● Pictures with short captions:

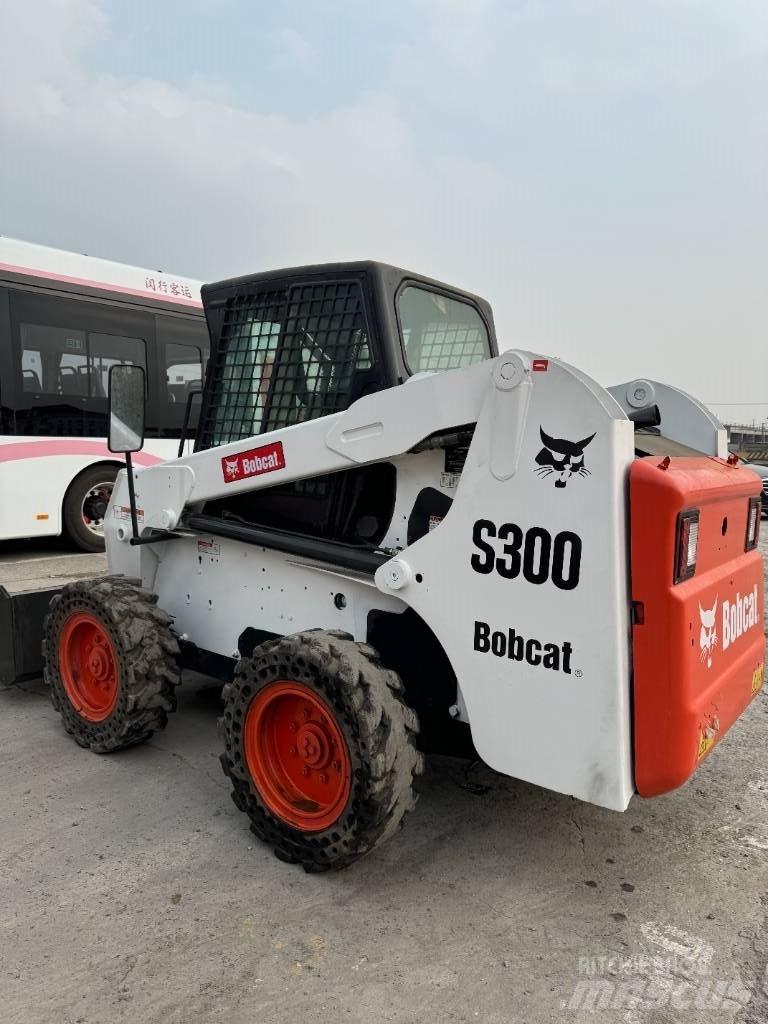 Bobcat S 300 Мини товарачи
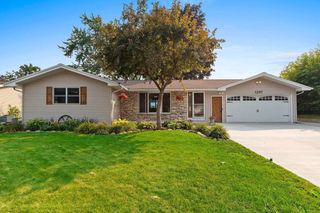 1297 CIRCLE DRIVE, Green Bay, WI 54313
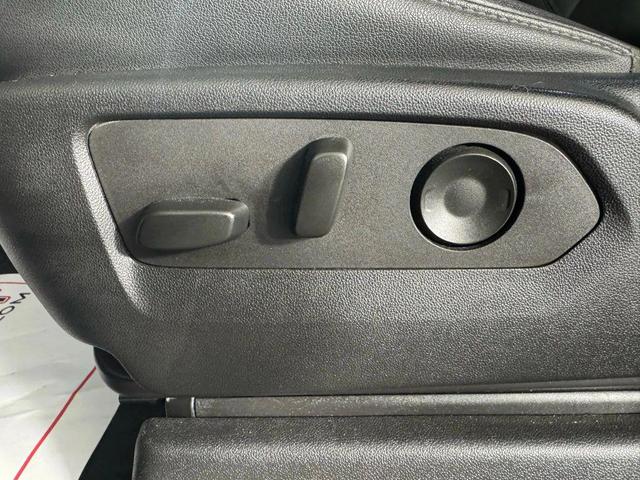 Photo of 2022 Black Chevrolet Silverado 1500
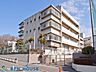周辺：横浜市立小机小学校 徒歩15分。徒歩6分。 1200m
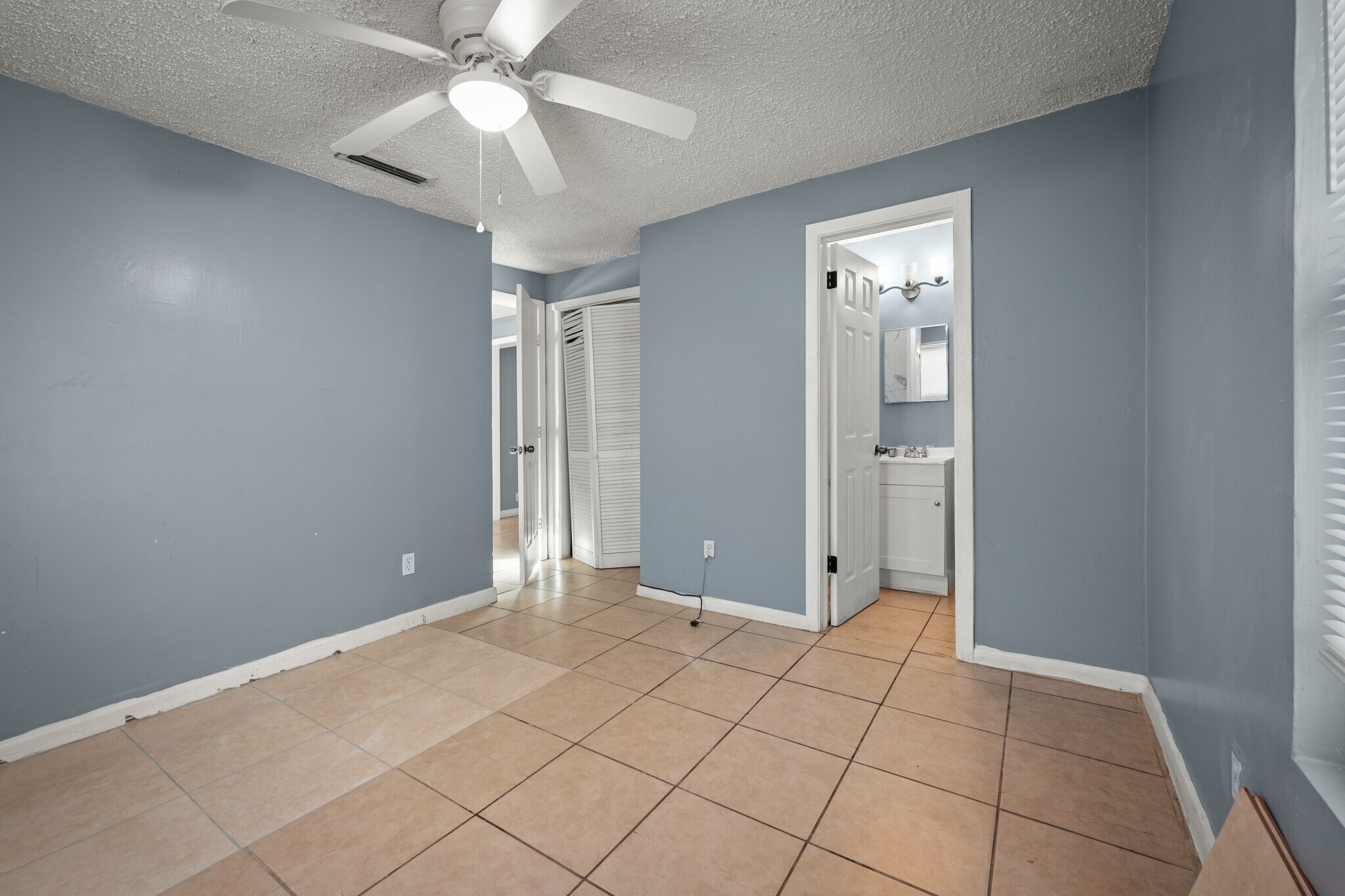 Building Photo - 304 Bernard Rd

● What you are asked to do: Reproduce each line of the records exactly, omitting any picture.

● Your response:
 Bobcat S 300 Мини товарачи
 1297 CIRCLE DRIVE, Green Bay, WI 54313
 Photo of 2022 Black Chevrolet Silverado 1500
周辺：横浜市立小机小学校 徒歩15分。徒歩6分。 1200m
 Building Photo - 304 Bernard Rd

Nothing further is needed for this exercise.